* Data extracted from a collection
+ + + +
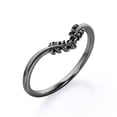 thumbnail image 4 of JeenMata Inspired By Nature - Vine Leaf Ring - Wedding Band - 18K Black Gold Plating over Silver, 4 of 6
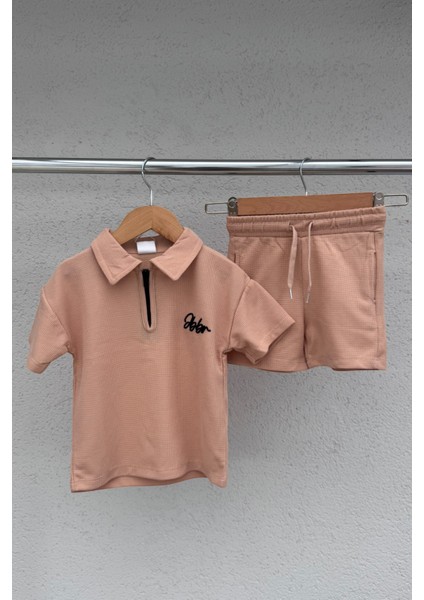 Polo Yaka Fermuarlı %100 Pamuk Erkek Çocuk Takım modelleri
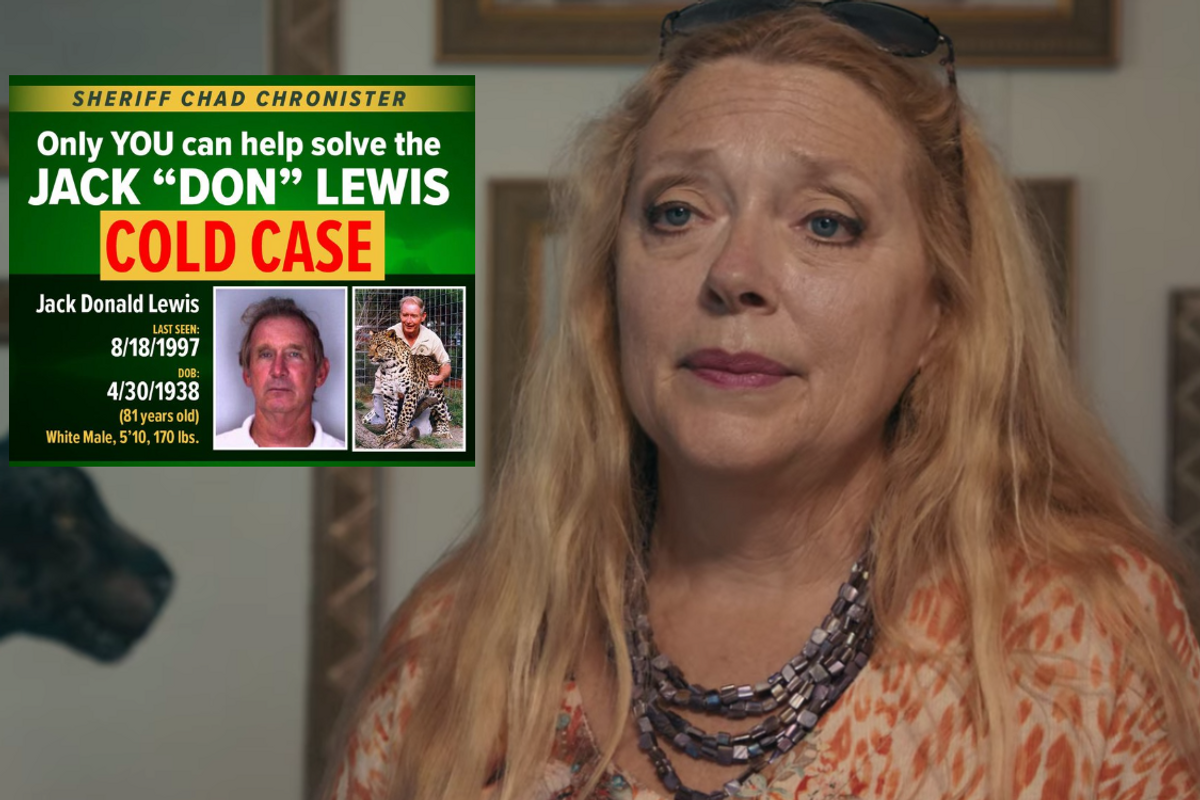 Carole Baskin and Don Lewis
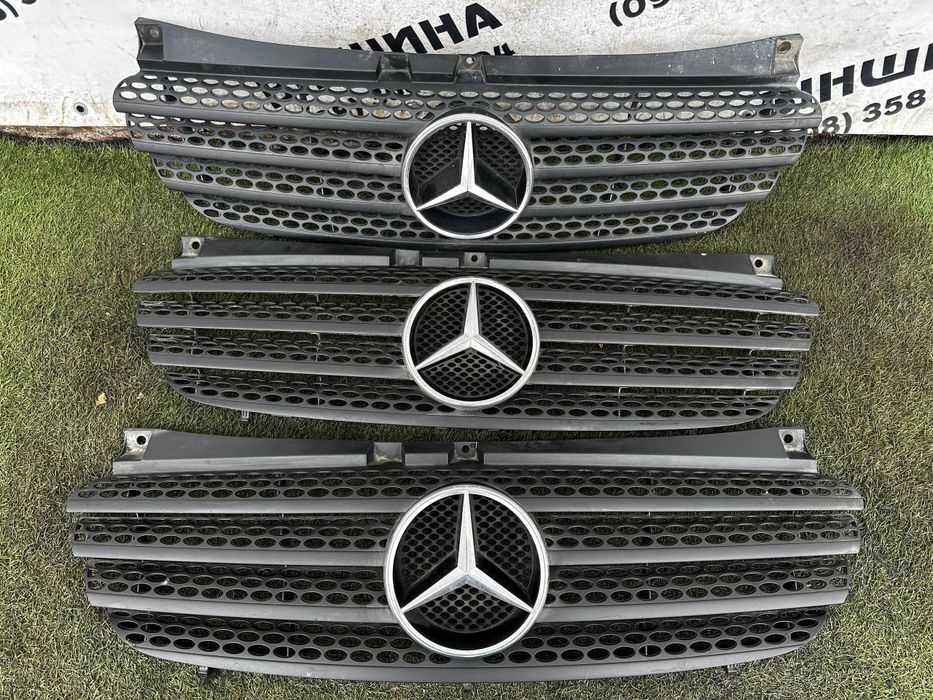 Решітка радіатора Мерседес Віто W 639. Mercedes Vito.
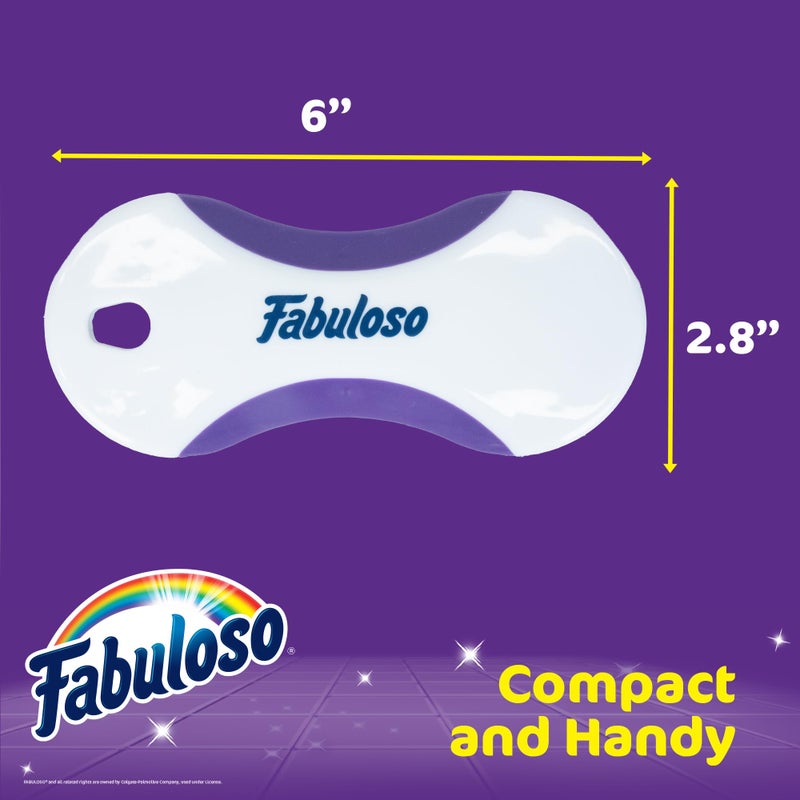 Fabuloso Hand-Held Scrub Brush â€“ Easy Grip Scrubbing Brush for Showers, Floors, and More - Image 5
+ + + +
* Exercise brief
Only the lines from the line with "Polo Yaka Fermuarlı" to the end of the records should be repeated, exactly and without pictures.

* Answer section
 Polo Yaka Fermuarlı %100 Pamuk Erkek Çocuk Takım modelleri
 Carole Baskin and Don Lewis
 Решітка радіатора Мерседес Віто W 639. Mercedes Vito.
 Fabuloso Hand-Held Scrub Brush â€“ Easy Grip Scrubbing Brush for Showers, Floors, and More - Image 5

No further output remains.